The trial court denied Shatterproof’s motions. The court concluded that discovery of a relatively few defective panels did not require a finding that plaintiffs should have discovered the extensive nature of the panel failures prior to July 15, 1977. The evidence indicated that it was not alarming to discover a small percentage of panels with seal failures. Further, Shatterproof’s representatives had advised Murray that one of the means of discovering defective panels — dew-point testing — was costly and unreliable and that there was no way to find out if the windows were defective. Based on this evidence, we are satisfied that the trial court did not err in denying Shatterproof’s motions.

D. Conditions of Warranty

Shatterproof contends that plaintiffs failed to establish that they complied with conditions of the warranty that glazing instructions be followed and that the panels be glazed by materials which “completely repel water for the life of the warranty.” Shatterproof asserts that noncompliance with these conditions was established by evidence that the system leaked during every rain for at least nine months during installation of the panels.

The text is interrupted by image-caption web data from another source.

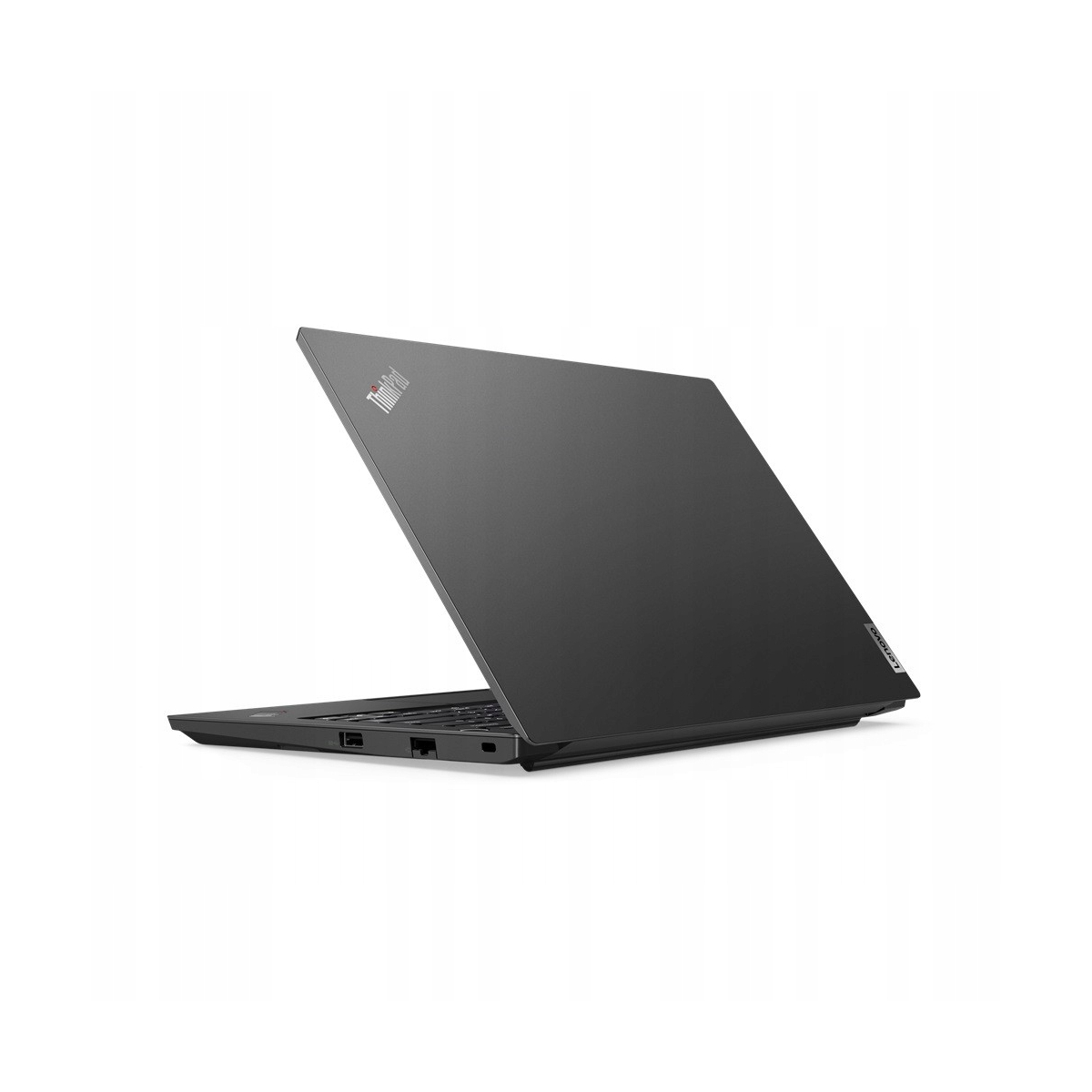 Ein grauer Lenovo ThinkPad Laptop ist leicht geöffnet auf einer weißen Oberfläche dargestellt.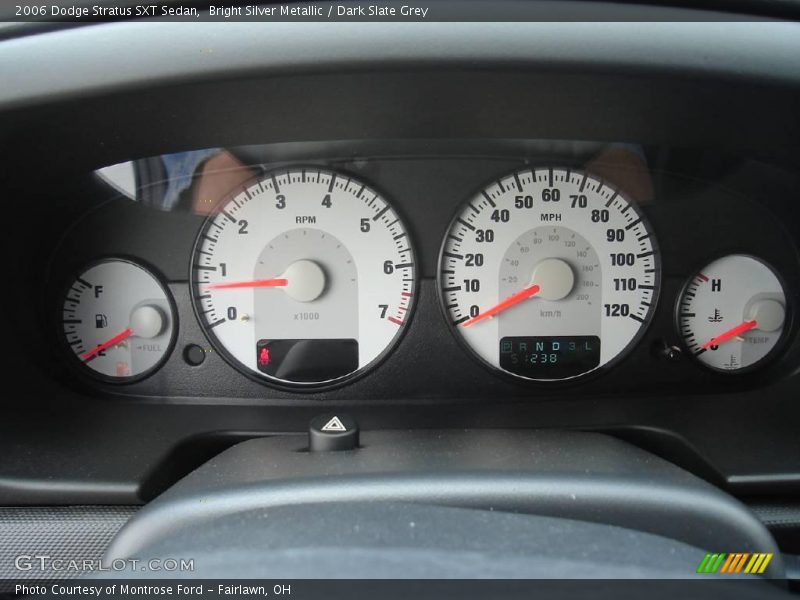 Bright Silver Metallic / Dark Slate Grey 2006 Dodge Stratus SXT Sedan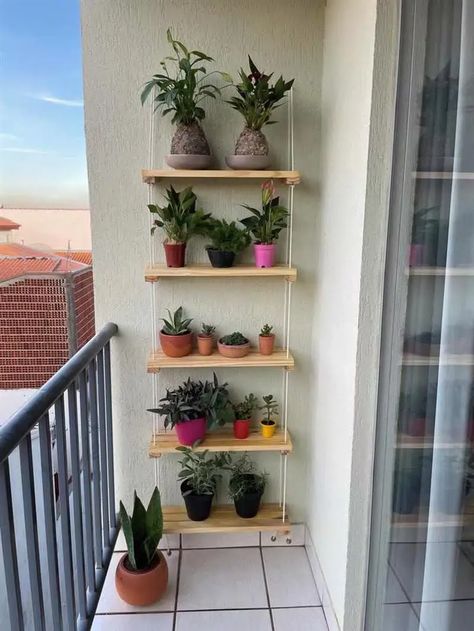 Small Balcony Decor, Plant Decor Indoor, House Plants Decor, Beautiful Backyards, Balcony Design, Garden Wall Decor, Home Design Decor, Balcony Decor, Aesthetic Bedroom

Murray’s general manager frequently observed the glazing process and testified that it was performed in accordance with the glazing instructions. Since the system might leak even if the glazing instructions were followed and water repelling materials were used, the jury could have properly found that plaintiffs satisfied these conditions of the warranty.

E. Subsequent Remedial Measures Instruction

Plaintiffs introduced evidence that in 1978 Shatterproof began manufacturing panels which are held together with different materials and by a different method than that used in the panels originally installed in Citadel’s office building. The introduction of this evidence was not objected to, but Shatterproof did object to the following instruction:

If you find that Shatterproof took measures which, if taken previously, would have made the problems in Shatterproof’s insulating glass less likely to occur, then that evidence may be considered in determining whether Shatterproof’s insulating glass was defective within the meaning of Shatterproof’s expressed warranty.

Shatterproof’s objection to the above subsequent remedial measures instruction was based upon FED.R.EVID. 407. We have previously determined that Rule 407 does not bar the admission of subsequent remedial measures evidence in actions based on strict liability “since Rule 407 is, by its terms, confined to cases involving negligence or other culpable conduct.” Robbins v. Farmers Union Grain Terminal Association, 552 F.2d 788, 793 (8th Cir.1977). See DeLuryea v. Winthrop Laboratories, 697 F.2d 222, 228-29 (8th Cir.1983); Unterburger v. Snow Co., 630 F.2d 599, 603 (8th Cir.1980); Farner v. Paccar, Inc., 562 F.2d 518, 528 (8th Cir. 1977).

This breach of warranty action is similar to a strict liability action, in that the plaintiffs were not required to establish that Shatterproof was negligent or engaged in culpable conduct in order to establish a breach of Shatterproof’s warranty. Accordingly, the instruction did not violate Rule 407. Even if we decided that the evidence was improperly received, in view of the other evidence presented the error was harmless.

We note that the instruction may have been objectionable on the basis of relevancy. Shatterproof, however, failed to object to it on this ground. Where error in an instruction is not properly objected to, the error is “waived unless the error is plain error in the sense that a *275miscarriage of justice would otherwise re-suit.” Johnson v. Houser, 704 F.2d 1049, 1051 (8th Cir.1983). We find that any error caused by instructing the jury that they could consider subsequent remedial measures did not amount to plain error.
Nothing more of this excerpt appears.